### Exercise requirements
Below this line are records; write out exactly the lines from the one containing "Honda cuptum Cub Xanh trắng" through the one containing "PS: vu de plus près", with the pictures left out.

### Short text fragments from websites
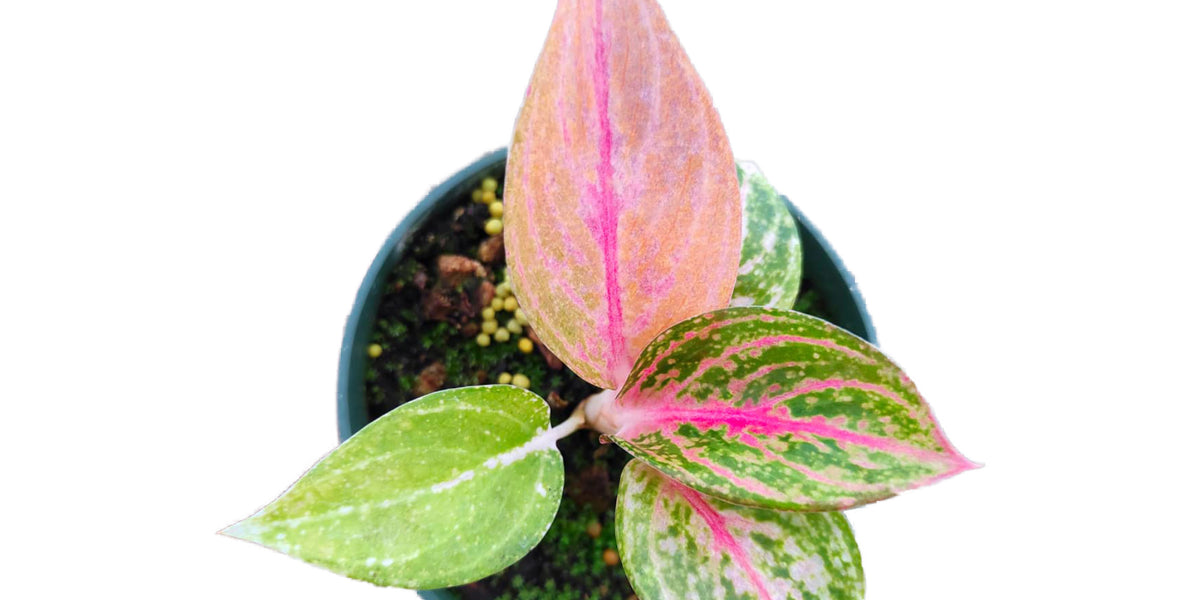 acca リボンゴム　グリーン×ピンク Aglaonema_Pink_Legacy_1200x600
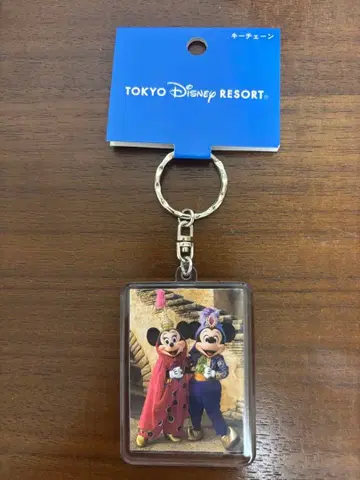 디즈니 아라비안 코스트 미키 미니 실사 키링 구형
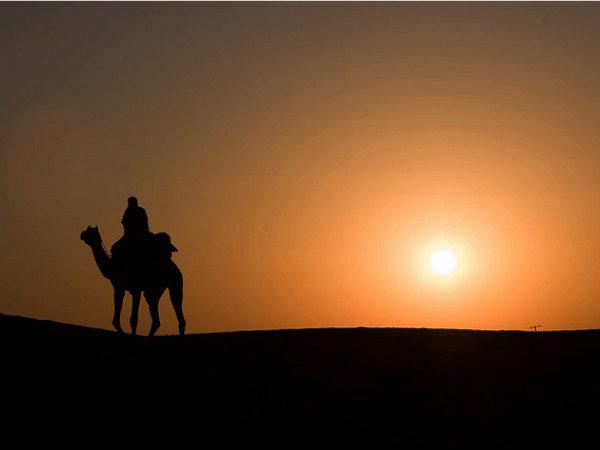 થારનું રણ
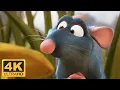 Ratatouille 2007 Opening Scene Remy Introduction Remy Smells Rat Poison Remastered 4K 60FPS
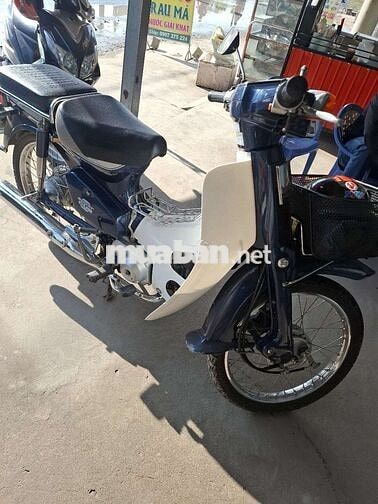 Honda cuptum Cub Xanh trắng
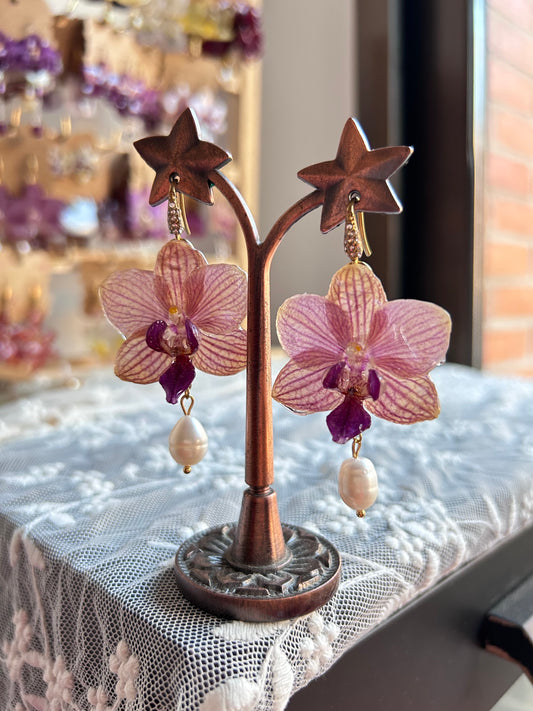 Orquídeas mini Phalaenopsis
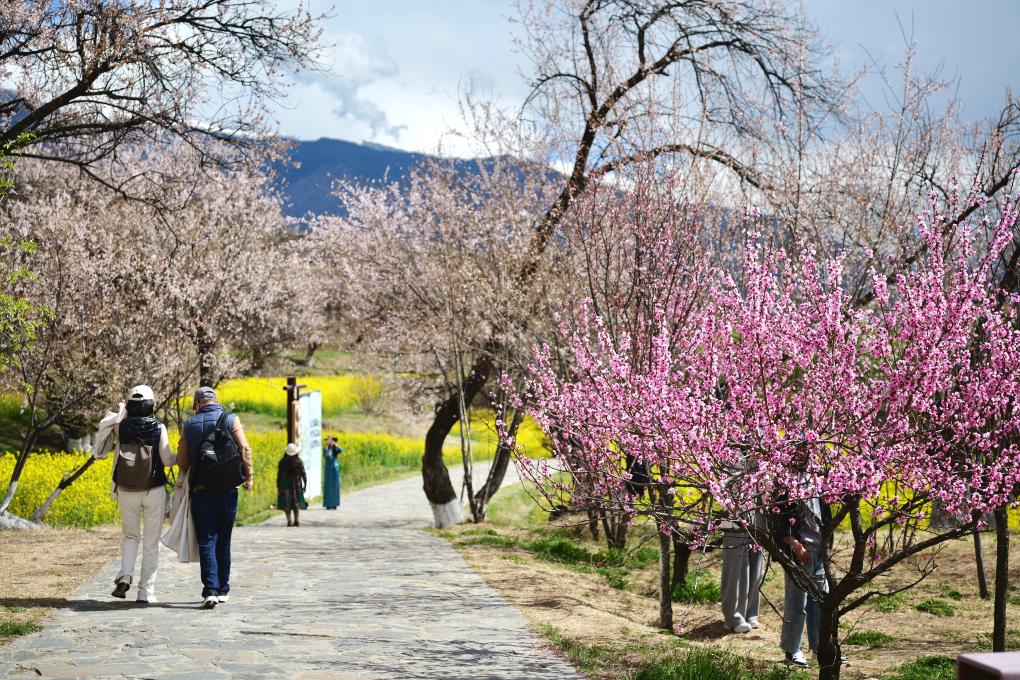 【网络中国节】清明假期来场Color Walk！解锁“赏花+”新玩法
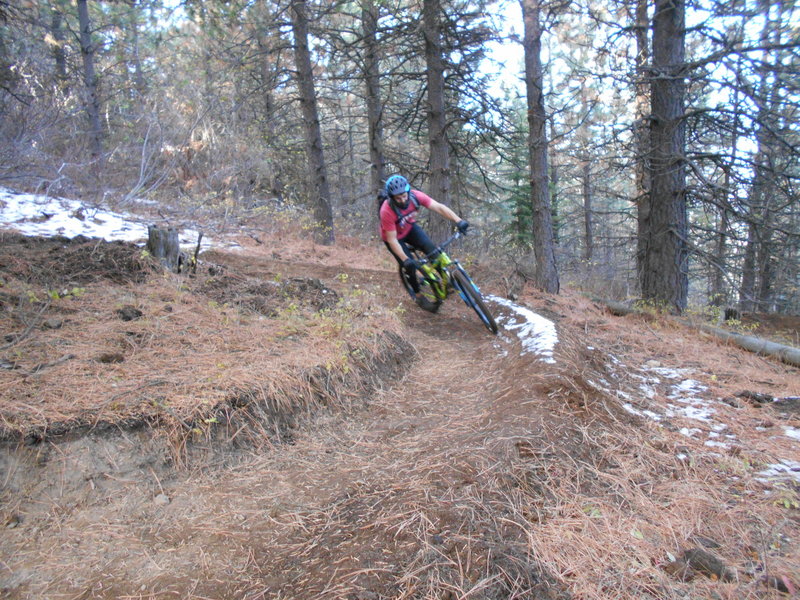 Upper Caffeine Trail--the Jungle Section. Super fast and curvy!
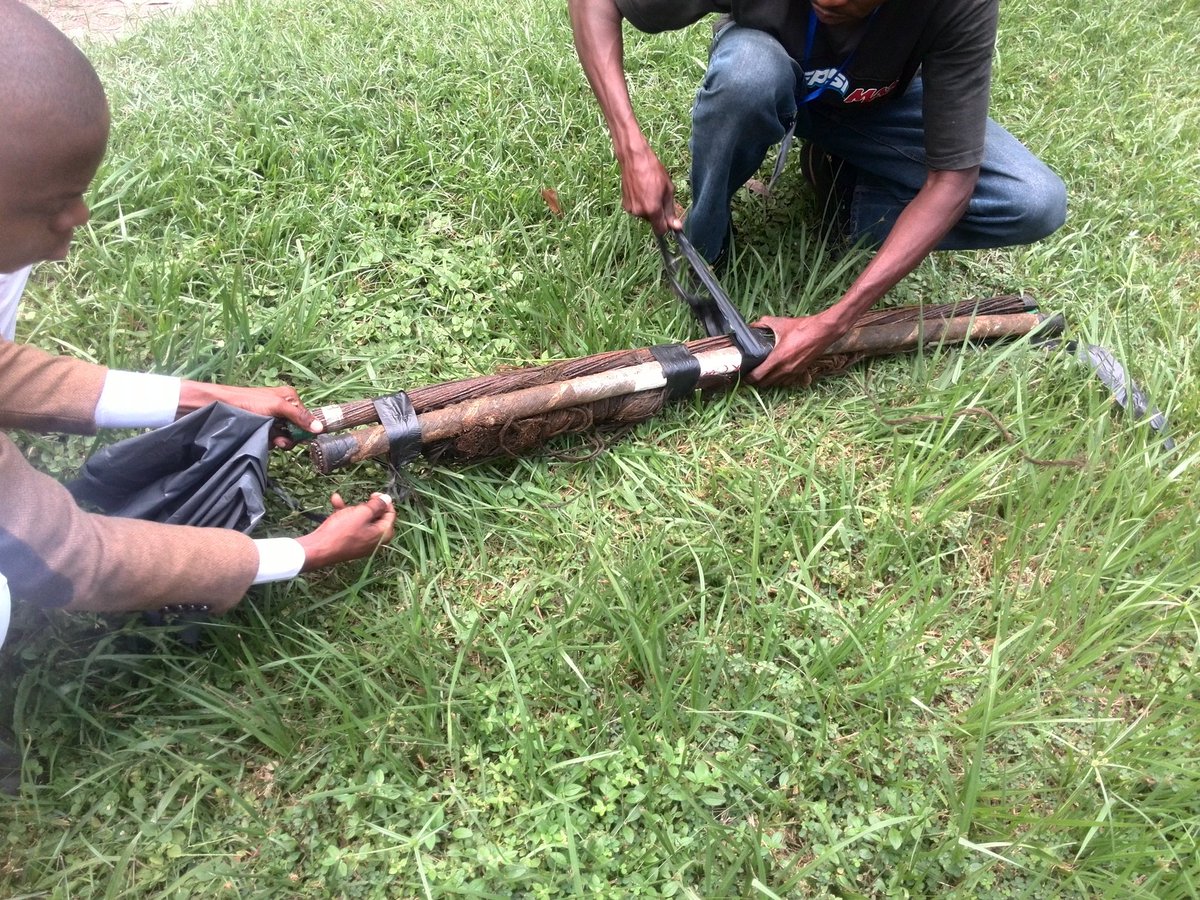 EXCLUSIVITÉ: 

Le câble(fibre optique ) endommagé réceptionné à Brazzaville pour des besoins d'archivage. 

PS: vu de plus près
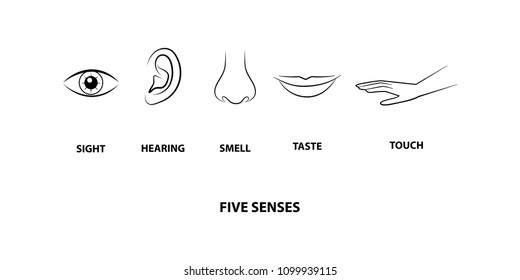 5 Senses Background Images Stock Photos Vectors Shutterstock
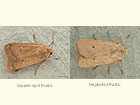  73.357 Square-spot Rustic and Neglected Rustic Copyright Martin Evans Copyright Martin Evans 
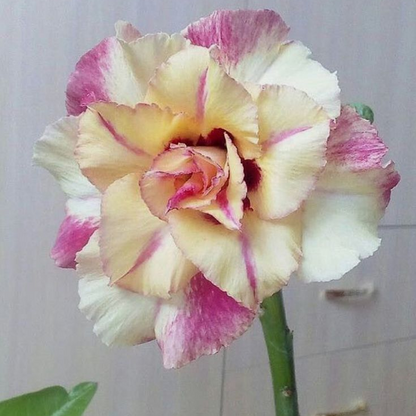 【测试商品】🏠🤗Desert Rose Bulbs💥Heat Resistant & Super Easy Care🌹🌵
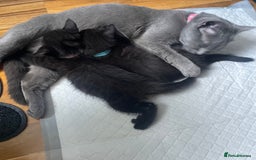 British Shorthair cats for sale: British shorthair kittens🐱 - Image 6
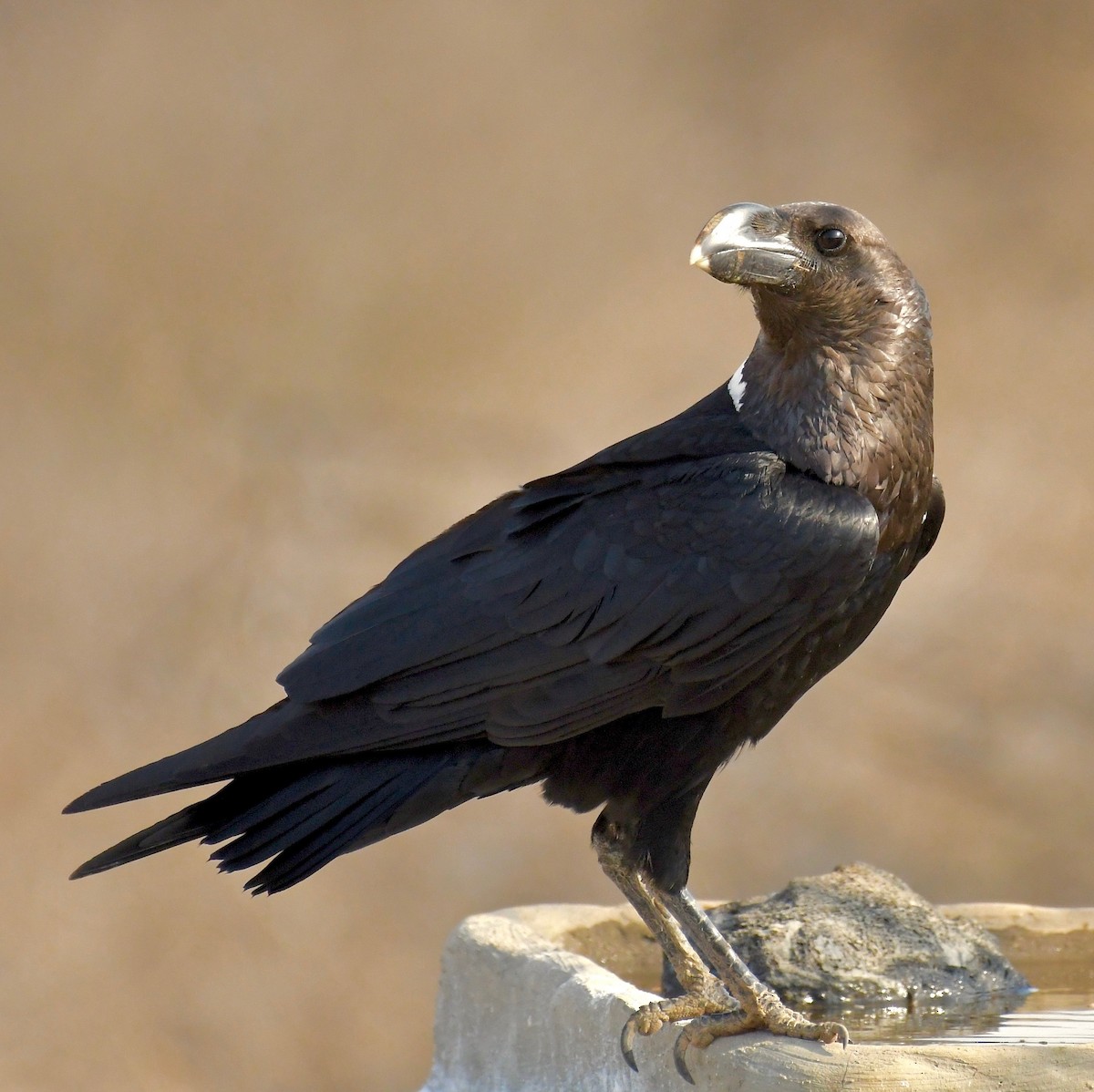 Corbeau à nuque blanche - ML75516841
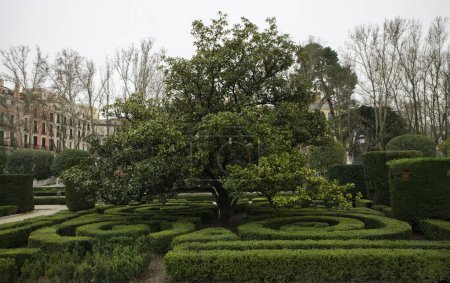 Photo for Green space. European garden and landscaping in the city. View of a tree and Buxus sempervirens, also known as Common Boxwood, labyrinth design in the urban park. - Royalty Free Image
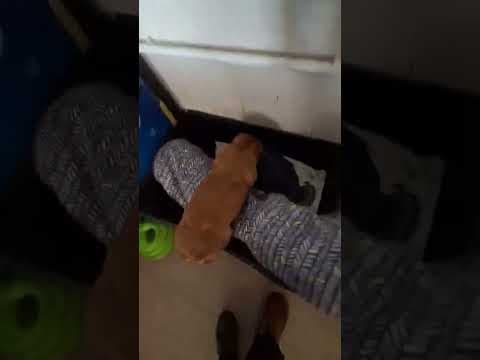 Ellis en vidéo 4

### Answer area
 Honda cuptum Cub Xanh trắng
 Orquídeas mini Phalaenopsis
 【网络中国节】清明假期来场Color Walk！解锁“赏花+”新玩法
 Upper Caffeine Trail--the Jungle Section. Super fast and curvy!
 EXCLUSIVITÉ: 

Le câble(fibre optique ) endommagé réceptionné à Brazzaville pour des besoins d'archivage. 

PS: vu de plus près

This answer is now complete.